No Title

STAT 450 Lecture 13

Goals of Today's Lecture:

Introduce the idea of approximate distribution theory.
State the usual central limit theorem
Introduce the idea of convergence in distribution.

Today's notes

Approximate Distribution Theory

Up to now we have tried to compute the density or cdf of some transformation, Y=g(X), of the data X exactly. In most cases this is not possible. Instead theoretical statisticians try to find methods to compute f_Y or F_Y approximately. There are really two standard methods:

Large sample theory or asymptotics.
Monte Carlo or simulation methods.

In this course we focus on large sample theory.

Asymptotics

You already know two large sample theorems:

The law of large numbers or the law of averages: If $X_1,X_2,\cdots$ are independent and identically distributed random variables then the sequence of sample means,:

$\begin{displaymath}\bar{X}_n = \frac{1}{n} \sum_1^n X_i \, , \end{displaymath}$

converges to $\mu=\text{E}(X_1)$ .
The central limit theorem: If $X_1,X_2,\cdots$ are independent and identically distributed then the sequence of standardized sample means,

$\begin{displaymath}Z_n = n^{1/2} \frac{\bar{X}_n - \mu}{\sigma} \end{displaymath}$

converges in distribution to N(0,1); here $\mu=\text{E}(X_1)$ and $\sigma^2 = \text{Var}(X_1)$ . It is a hypothesis of the theorem that $\sigma < \infty$ .
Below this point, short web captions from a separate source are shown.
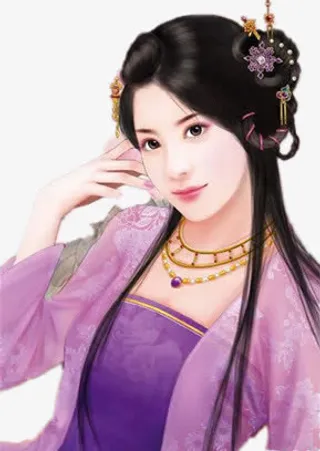 古代美女免抠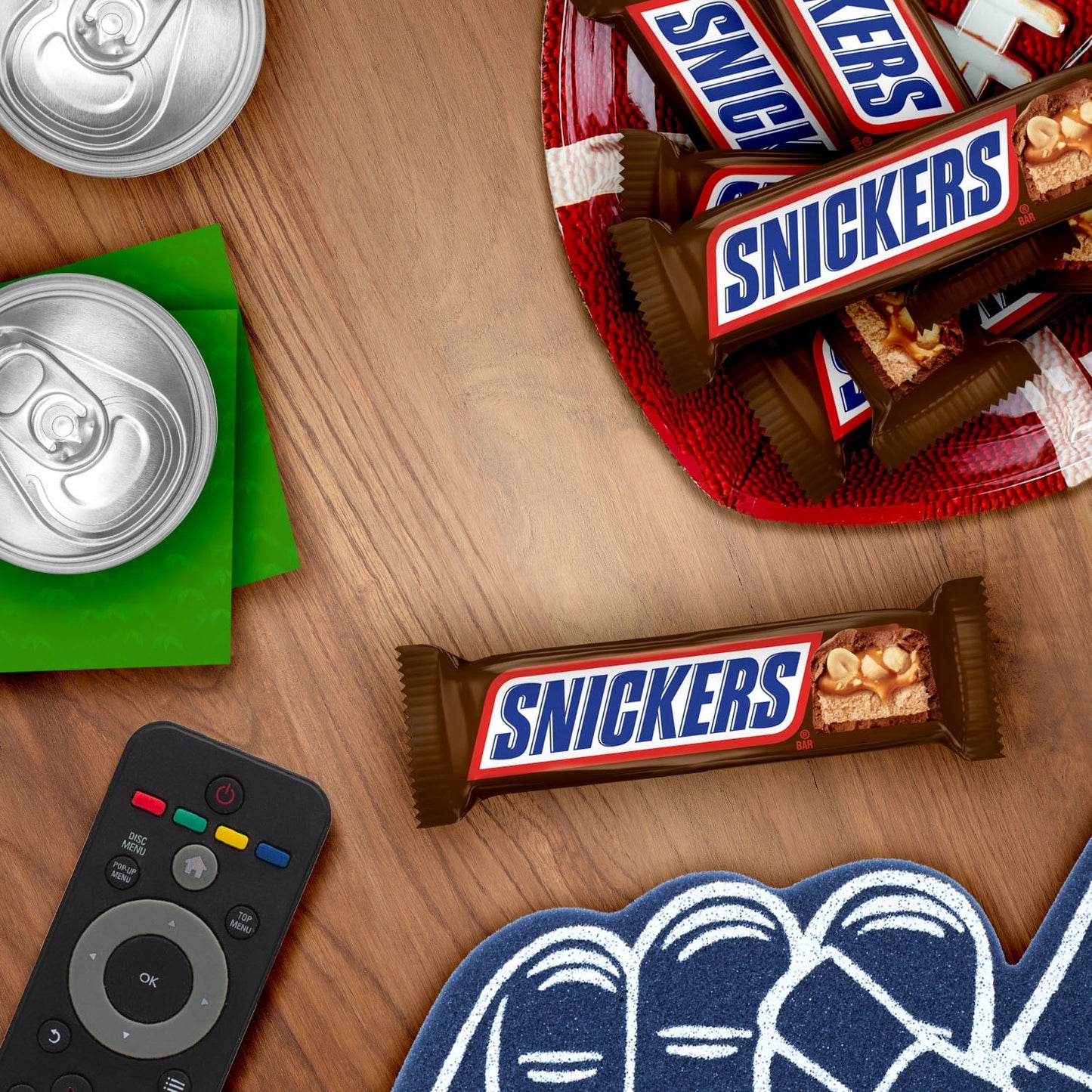 Snickers Full Size Chocolate Candy Bars - 11.16 oz (6 Pack)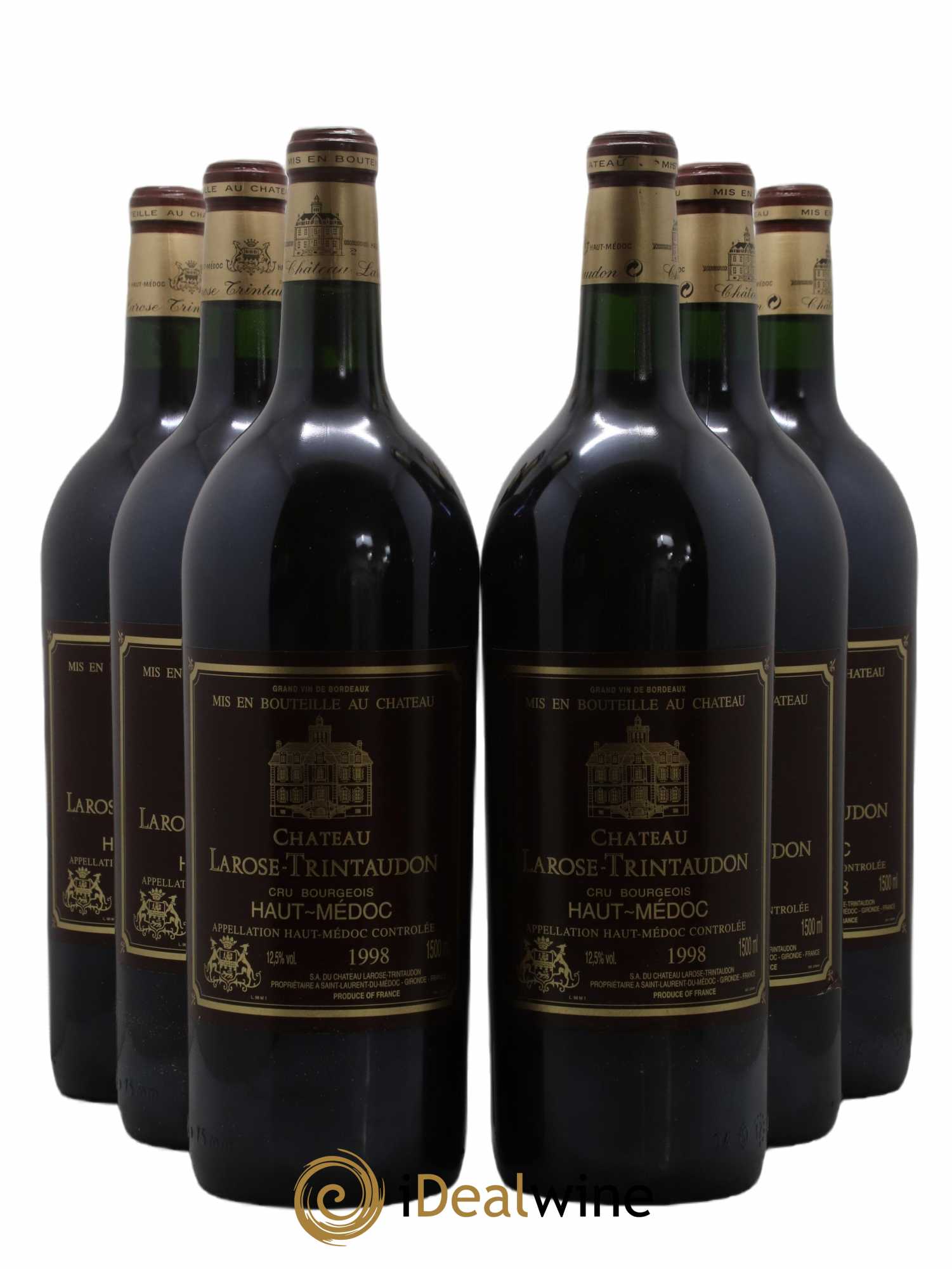 Château Larose Trintaudon Cru Bourgeois 1998 - Lot de 6 magnums - 0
I want to make these theorems precise (though I don't intend to prove them convincingly). I want you to have a good intuitive grasp of the meanings of the assertions, however.

The law of large numbers

There are two different senses in which $\bar{X}_n \to \mu$ : convergence in probability and almost sure convergence.
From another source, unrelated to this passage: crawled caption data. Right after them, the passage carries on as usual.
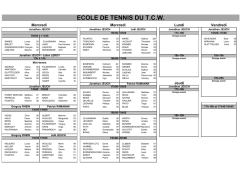 Groupes Ecole 2014/2015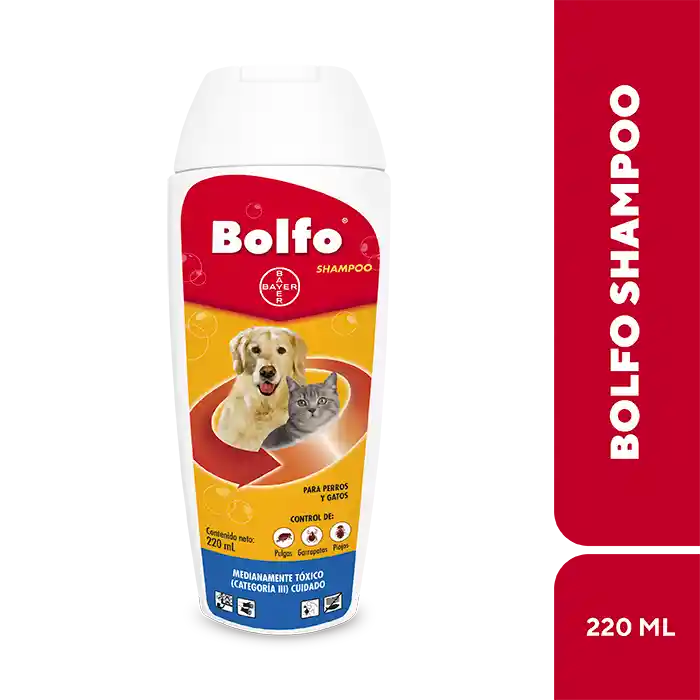 Bolfo Shampoo Antipulgas para Perros y Gatos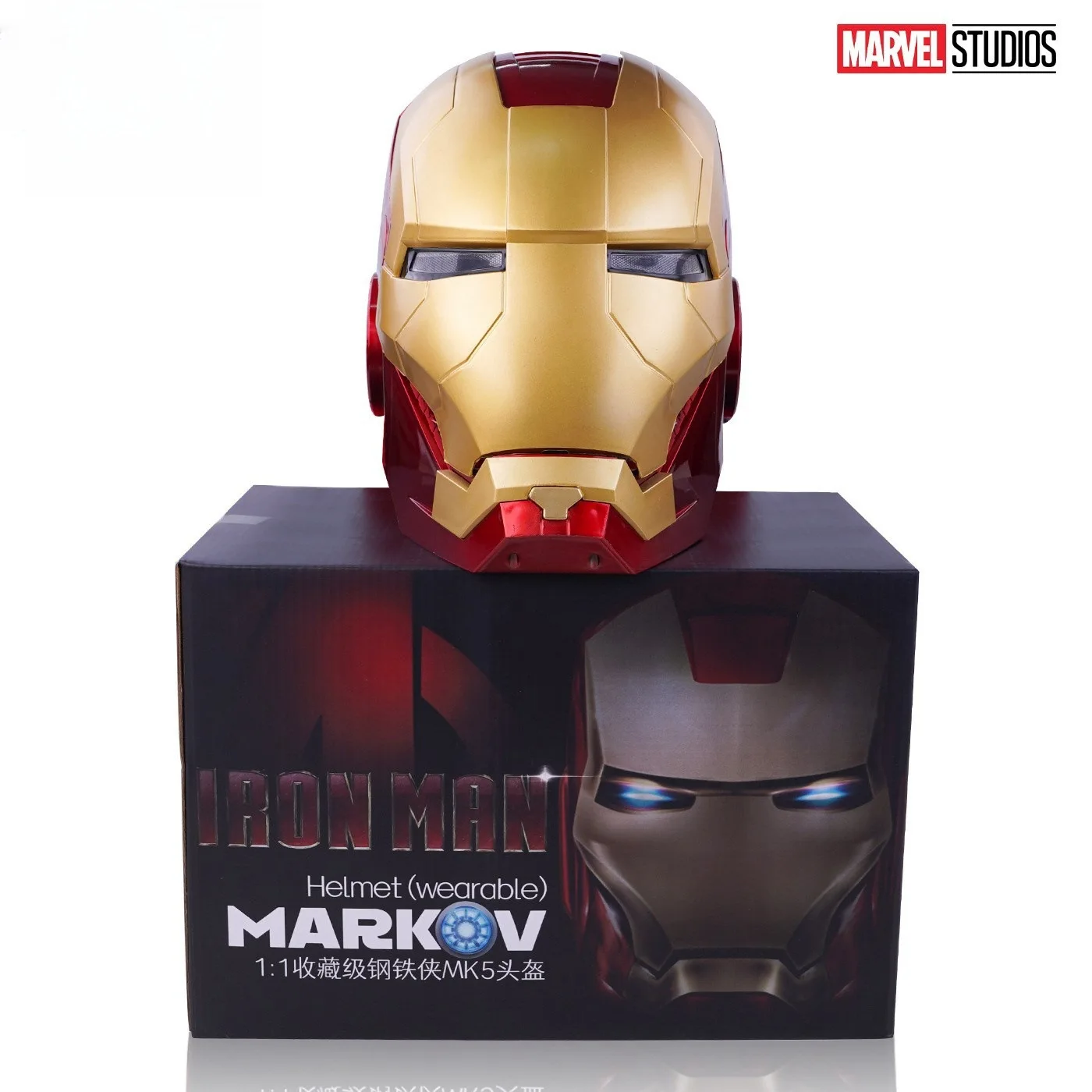 60 см Железный человек 1:1 шлем для косплея Marvel Мстители свет светодиодный маска
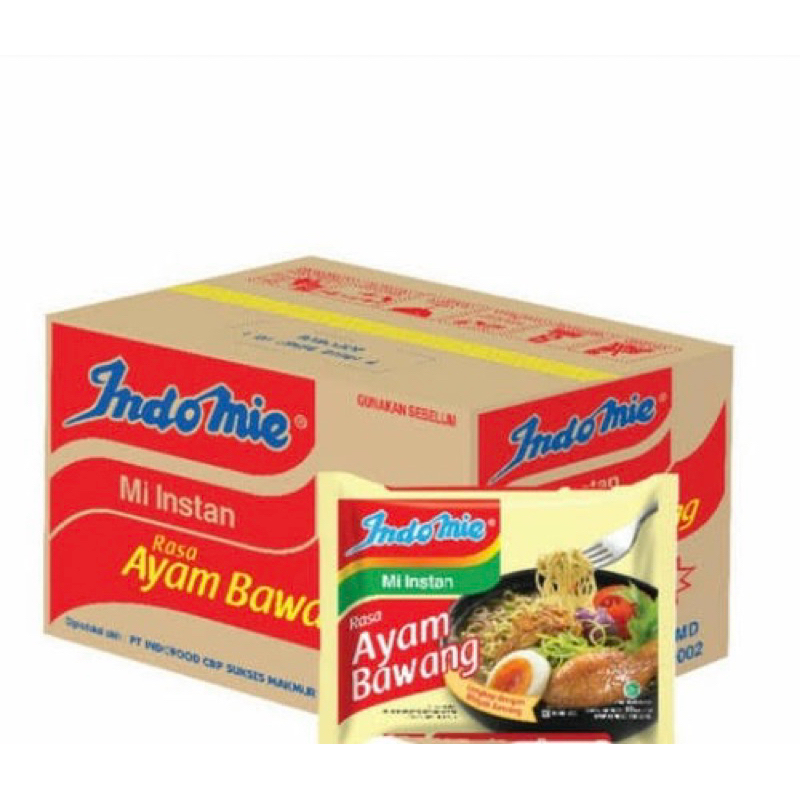 

Indomie Mi Instan Ayam Bawang 69 Gr 1 Dus isi 40 Pcs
Definition: A sequence Y_n of random variables converges in probability to Y if, for each $\epsilon>0$ :

$\begin{displaymath}\text{P}(\vert Y_n-Y\vert > \epsilon) \to 0 \end{displaymath}$

Definition: A sequence Y_n of random variables converges almost surely (or strongly) to Y if

$\begin{displaymath}\text{P}(Y_n \to Y) = 1 \end{displaymath}$

Notice that the second kind of convergence asks to to calculate a single probability -- of an event whose definition is very complicated since it mentions all the Y_n at the same time. The first kind of convergence involves computing a sequence of probabilities. The nth probability in the sequence mentions only 2 random variables, Y_n and Y. Typically convergence in probability is easier to prove; it is a theorem that $Y_n \to Y$ almost surely implies $Y_n \to Y$ in probability. (Notice the way we write those assertions.)
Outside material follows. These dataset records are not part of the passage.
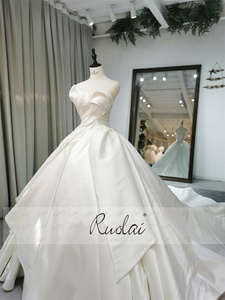 Ruolai — <span class=keywords><strong>robe</strong></span> <span class=keywords><strong>de</strong></span> bal en Satin sans bretelles et à lacets, tenue <span class=keywords><strong>de</strong></span> luxe, <span class=keywords><strong>robe</strong></span> <span class=keywords><strong>de</strong></span> <span class=keywords><strong>mariée</strong></span>, ZD05071 - Product Image 4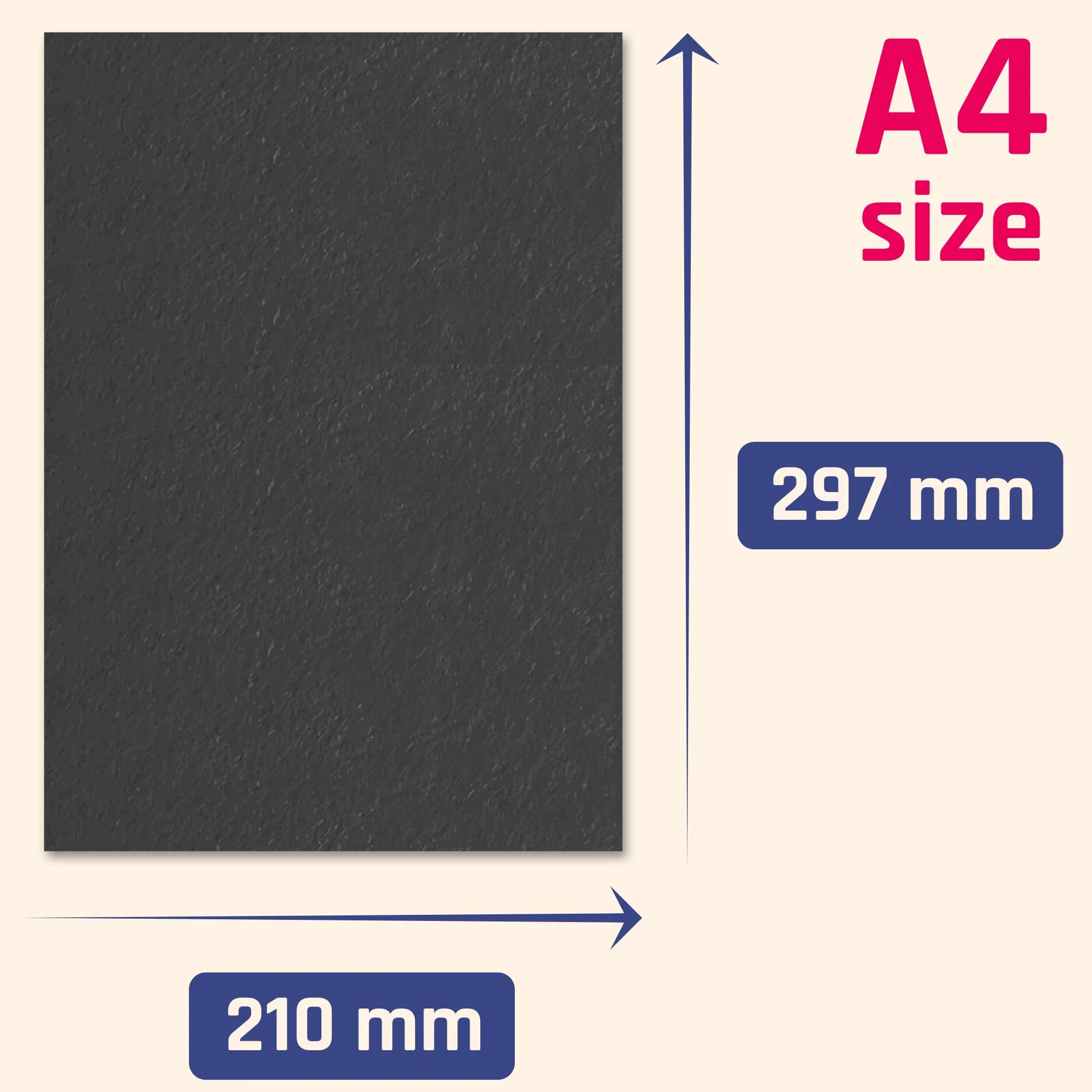 Papier Noir A4 120g 50 Feuilles Cartonné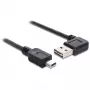 USB-kabel DeLOCK 85175 USB 2.0 0,5m USB A mini-USB B zwart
Corresponding to the two kinds of convergence are two precise versions of the law of large numbers:

Theorem: the Weak Law of Large Numbers. If $X_1,X_2,\cdots$ are independent and identically distributed random variables such that $\text{E}(\vert X_1\vert) < \infty$ then the sequence of sample means,

$\begin{displaymath}\bar{X}_n = \frac{1}{n} \sum_1^n X_i \, , \end{displaymath}$

converges to $\mu=\text{E}(X_1)$ in probability.

Theorem: the Strong Law of Large Numbers. If $X_1,X_2,\cdots$ are independent and identically distributed random variables such that $\text{E}(\vert X_1\vert) < \infty$ then the sequence of sample means,

$\begin{displaymath}\bar{X}_n = \frac{1}{n} \sum_1^n X_i \, , \end{displaymath}$

converges to $\mu=\text{E}(X_1)$ almost surely.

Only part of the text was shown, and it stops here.